What this task involves
Retype the entries below exactly, and keep every picture out of your version.

Material supplied
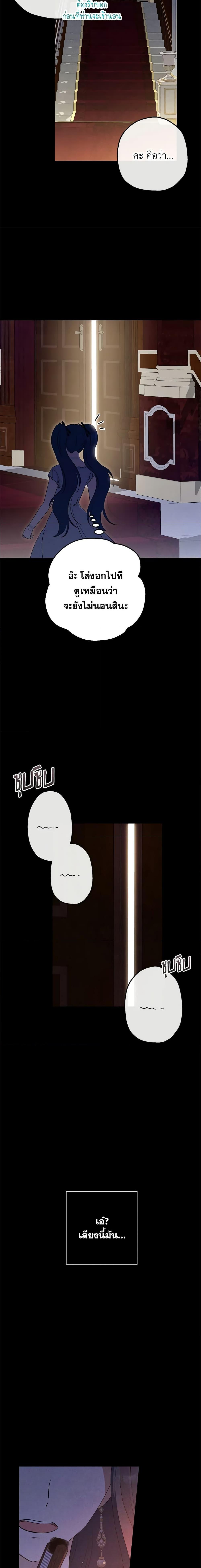 Manga-lc-com อ่านมังงะ อ่านการ์ตูน ออนไลน์ ฟรี Monster Princess ตอนที่ 1 2 3 4 5 6 7 8 9 10 11 12 13 14 ฟรี ไม่มีโฆษณา Manga-lc - อ่าน มังงะ อ่าน การ์ตูน ออนไลน์ อ่านมังงะ ฟรี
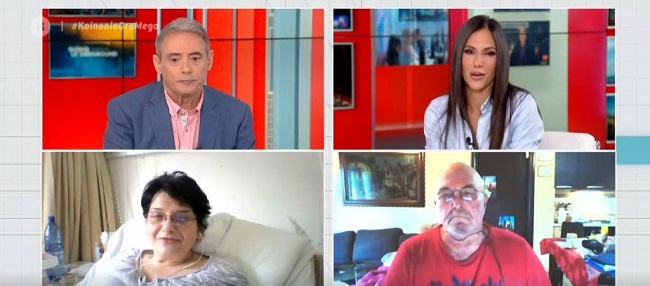 3 χρόνια η αναμονή για χειρουργείο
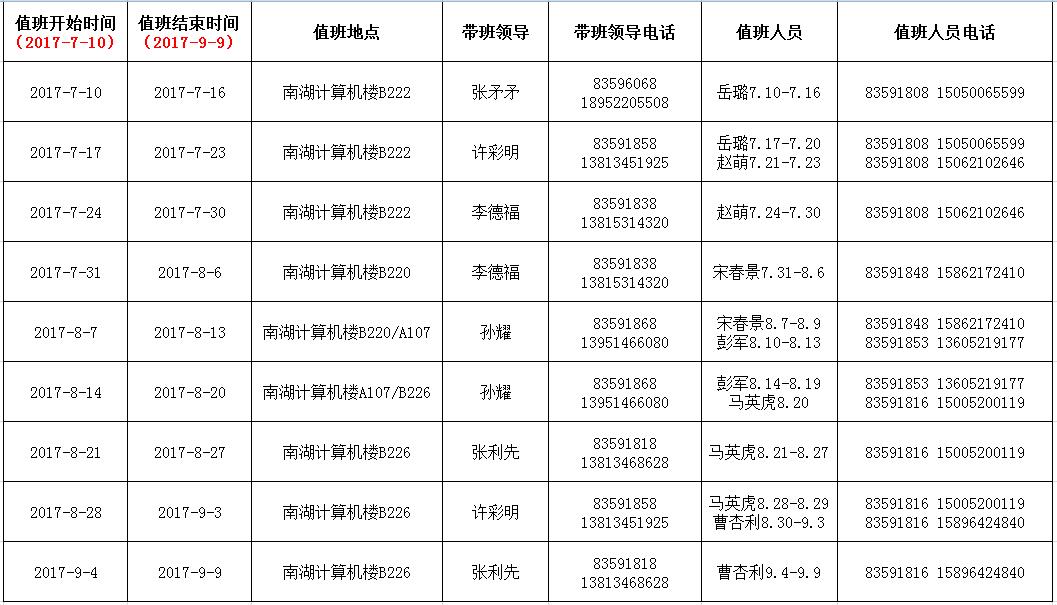 球速体育超级联赛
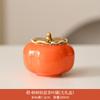 Persimmon tea can Dehua ceramic portable sealed jar moisture-proof tea can creative souvenir wedding happy jar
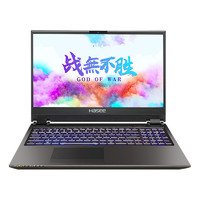 Hasee 神舟战神 TX6-CU5DA 16.1英寸笔记本电脑 (I5-10400、8GB、512GB、GTX1650)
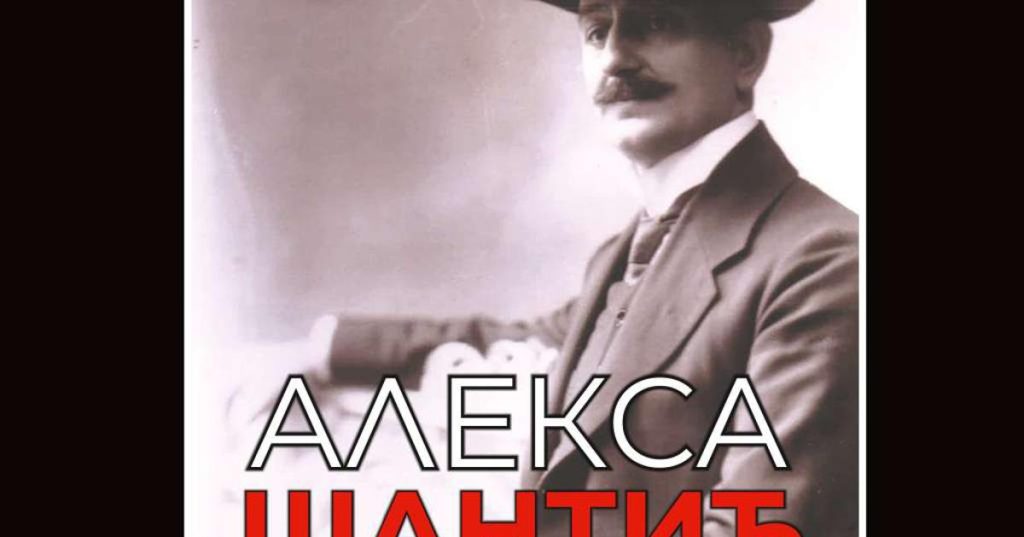 Idući tjedan počinju 105. Šantićeve večeri poezije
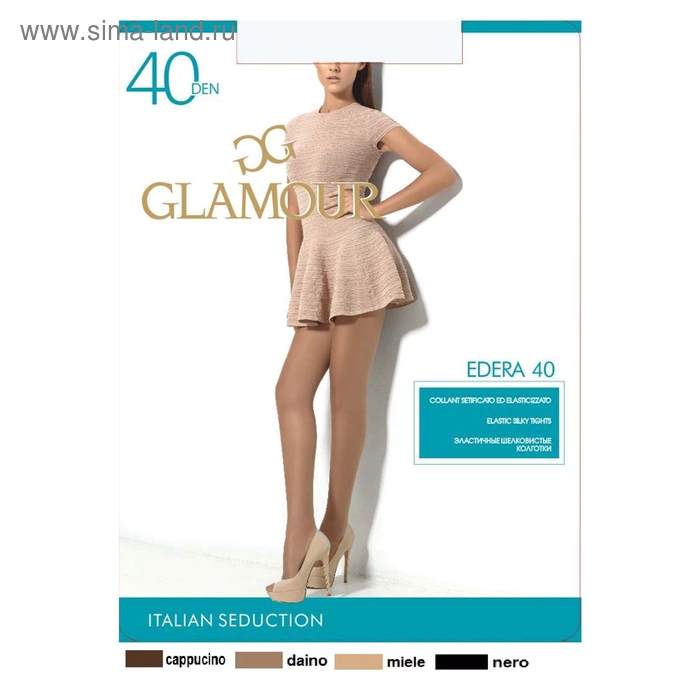 

Колготки женские капроновые, GLAMOUR Edera 40 ден, цвет чёрный (nero), размер 4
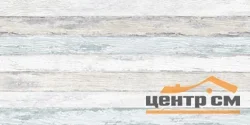 Плитка AlmaCeramica Вуд / Wood стена 24,9х50х7,5 арт.TWU09WOD016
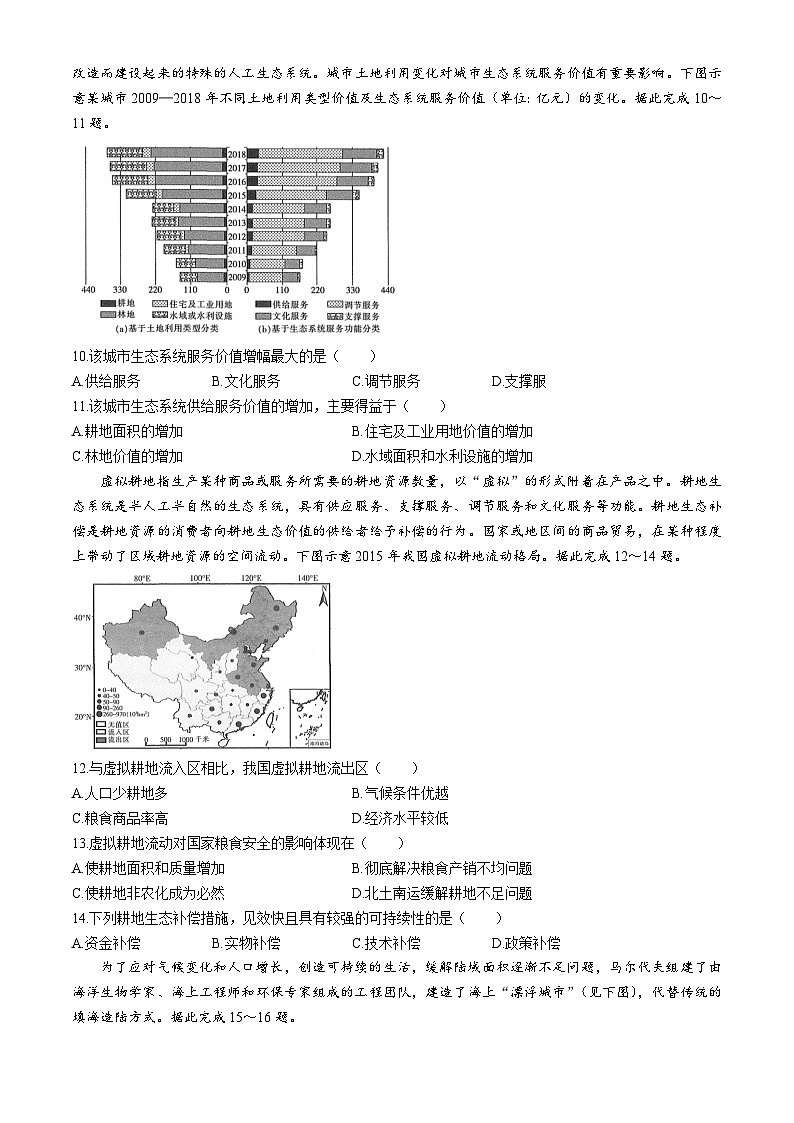 2024江西省部分地区高二下学期7月期末考试地理含解析第3页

Response below
 Manga-lc-com อ่านมังงะ อ่านการ์ตูน ออนไลน์ ฟรี Monster Princess ตอนที่ 1 2 3 4 5 6 7 8 9 10 11 12 13 14 ฟรี ไม่มีโฆษณา Manga-lc - อ่าน มังงะ อ่าน การ์ตูน ออนไลน์ อ่านมังงะ ฟรี
 3 χρόνια η αναμονή για χειρουργείο
 球速体育超级联赛
 Persimmon tea can Dehua ceramic portable sealed jar moisture-proof tea can creative souvenir wedding happy jar
 Hasee 神舟战神 TX6-CU5DA 16.1英寸笔记本电脑 (I5-10400、8GB、512GB、GTX1650)
 Idući tjedan počinju 105. Šantićeve večeri poezije

Колготки женские капроновые, GLAMOUR Edera 40 ден, цвет чёрный (nero), размер 4
 Плитка AlmaCeramica Вуд / Wood стена 24,9х50х7,5 арт.TWU09WOD016
 2024江西省部分地区高二下学期7月期末考试地理含解析第3页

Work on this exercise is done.